Exercise objective: Set each entry down verbatim, omitting images.

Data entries
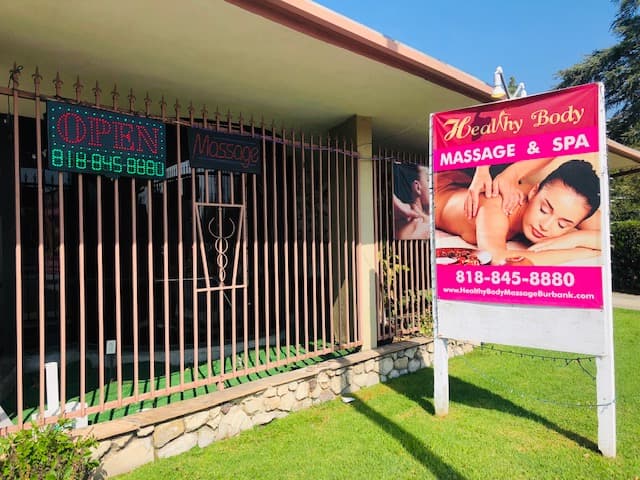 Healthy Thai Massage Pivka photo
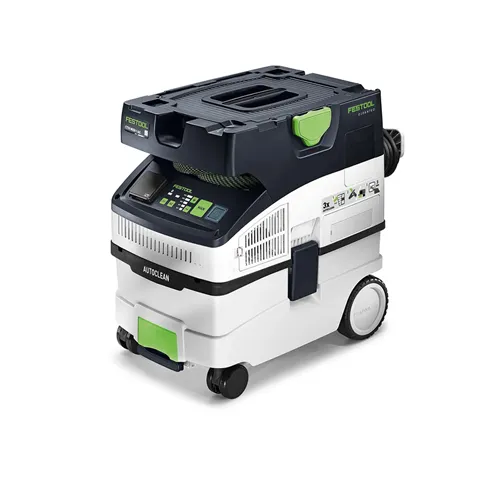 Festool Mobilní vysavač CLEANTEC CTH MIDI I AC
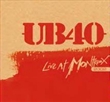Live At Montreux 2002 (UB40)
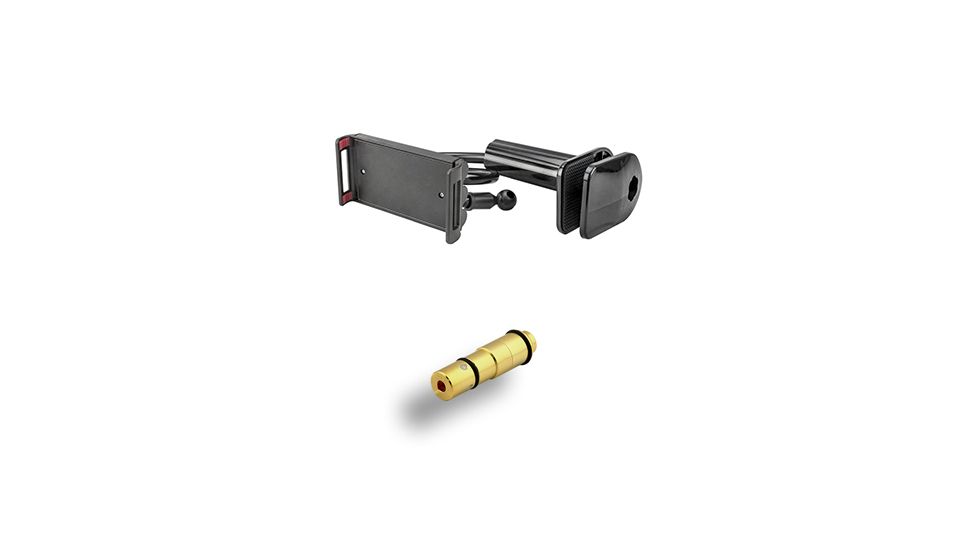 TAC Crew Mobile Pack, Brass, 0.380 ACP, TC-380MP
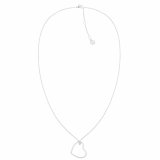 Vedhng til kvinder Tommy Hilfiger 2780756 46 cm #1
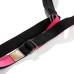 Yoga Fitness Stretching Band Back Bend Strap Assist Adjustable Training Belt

Task output:
 Healthy Thai Massage Pivka photo
 Festool Mobilní vysavač CLEANTEC CTH MIDI I AC
Live At Montreux 2002 (UB40)
 TAC Crew Mobile Pack, Brass, 0.380 ACP, TC-380MP
 Vedhng til kvinder Tommy Hilfiger 2780756 46 cm #1
 Yoga Fitness Stretching Band Back Bend Strap Assist Adjustable Training Belt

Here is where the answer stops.